I came to peer review by accident, because I happened to write those 2 (TWO) words in my planner for this afternoon’s A2 Politics lesson, when I had probably intended ‘peer assessment’. I knew I wanted my 6 students to read each other’s homework essays, and I knew I would get them to set each other short improvement tasks to complete in the lesson. I know my nuts; I can do stuff like this. But I wrote ‘peer review’ in my planner. When I opened it at the start of lesson 5 this afternoon… what had I meant? I decided to go with it.

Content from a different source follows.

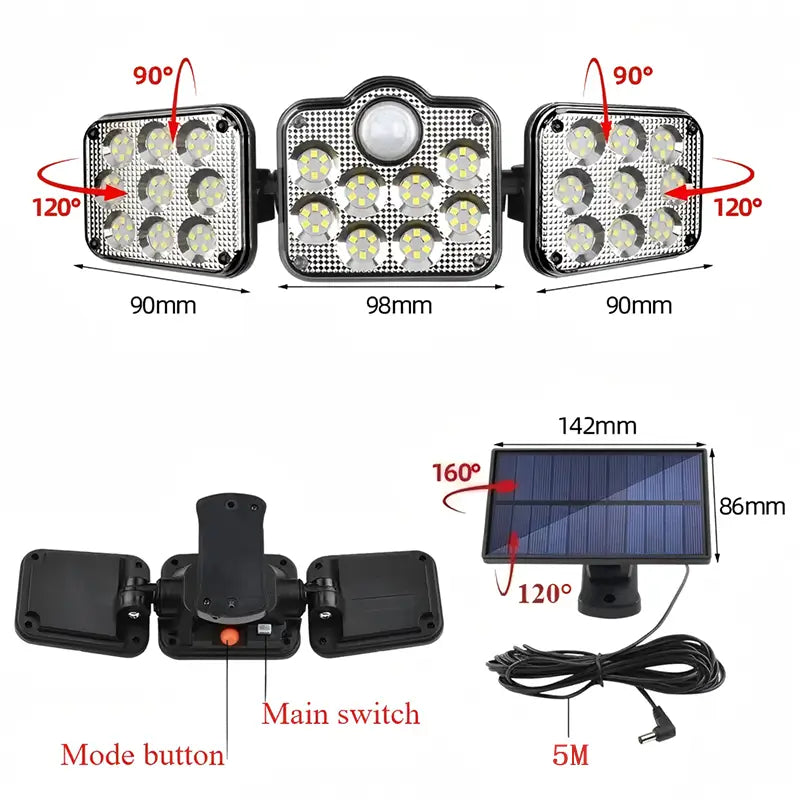 Dimensions and adjustable angles of the solar security light. Shows individual light head sizes (90mm x 90mm), center light (98mm), solar panel dimensions (142mm x 86mm), and adjustable angles of 90°/120° for heads and 160°/120° for the solar panel.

In the previous lesson, the group had done some research and some planning for the essay: How effective is the international community at upholding international law? Answer with reference to the ICJ, ICC and international criminal tribunals. (This is the esoteric stuff we do in the Global Politics unit, but I don’t suppose the question matters much here.) That was Tuesday. They agreed to write the essay for today. I arrive, open my planner and ask, Does everyone know what is meant by ‘peer review’? They all thought they did. (They had all made the same mistake as I had.) So I clarified, with reference to peer review science journals. I have a couple of Philosophy and Ethics students, and they seemed to catch on the quickest. I threw this up on the screen, courtesy of Wikipedia:
Peer review is the evaluation of work by one or more people of similar competence to the producers of the work (peers). It constitutes a form of self-regulation by qualified members of a profession within the relevant field. Peer review methods are employed to maintain standards of quality, improve performance, and provide credibility. In academia peer review is often used to determine an academic paper‘s suitability for publication.

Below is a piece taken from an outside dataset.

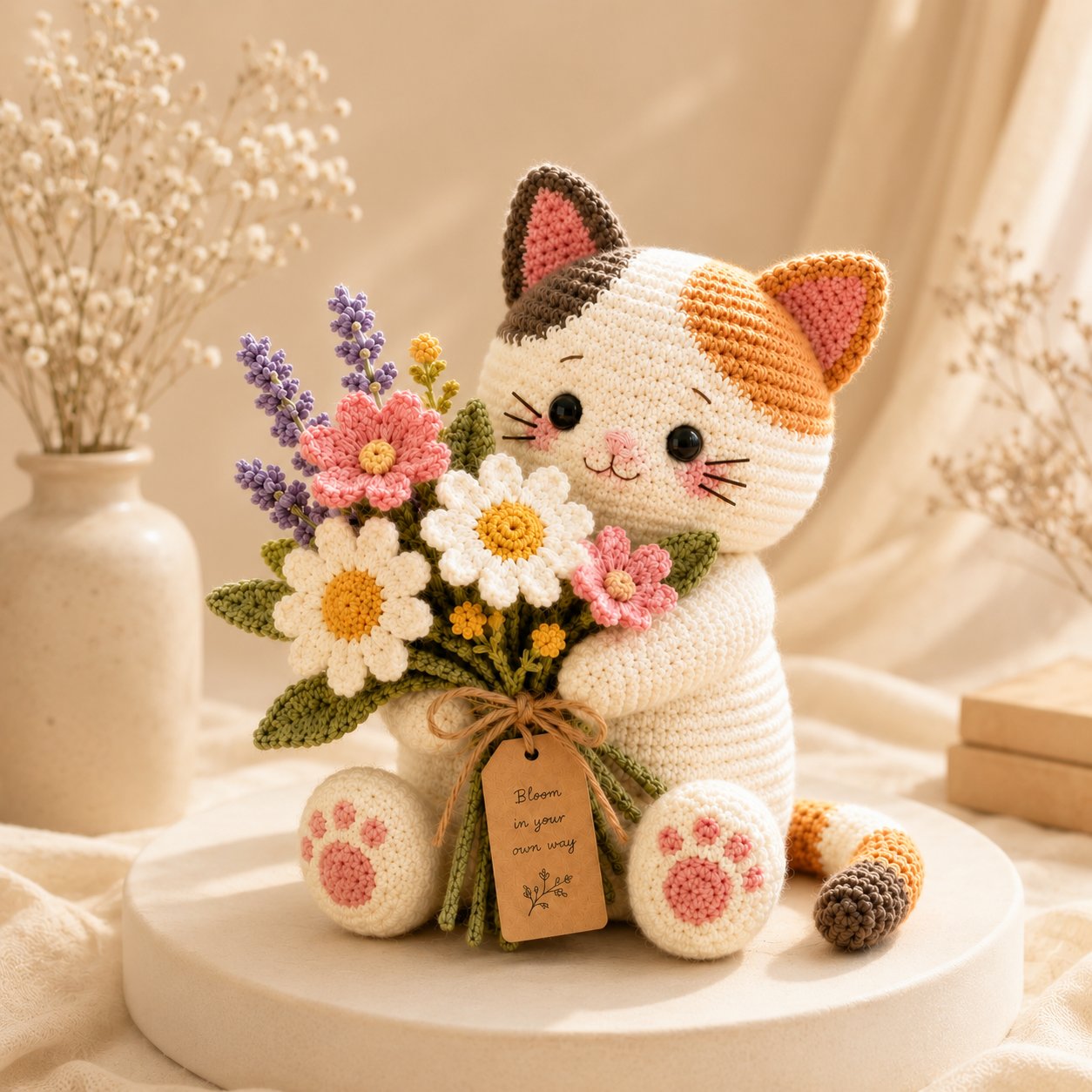 Wildflower Crochet Cat – Handmade “Bloom Your Own Way” Gift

They saw immediately the relevance to them. Our next step was to agree what we called ‘areas for validation’. In truth, these were close to the original success criteria, but they included balance, appropriate referencing, factual accuracy, inclusion of political theory. They agreed it would not include an evaluation of the author’s argument, except to insist that there be one, and that it be valid. They then paired up to peer review each other’s work, knowing also that they had to set a task at the end, which would improve the essay’s ‘suitability for publication’. This took 15 minutes. They then agreed that it would be better still if there were a second reviewer, to endorse or amend the comments of the first. This still left 15 minutes at the end of the lesson for them all to complete the improvement task and hand their essays in. I have not marked them yet (as I said, I’m not that good), but a quick glance reveals these examples of improvement tasks: Rewrite your conclusion. Be more explicit on the views of political theorists. Introduce your arguments in the introduction: this will enable a brief description of the ICJ and ICC. I think their peer comments were deeper, and I think this was because they felt they were doing something more meaningful than merely assessing each other.
So now that I have invented peer review for school, I expect inclusion in many a peer reviewed paper from now on.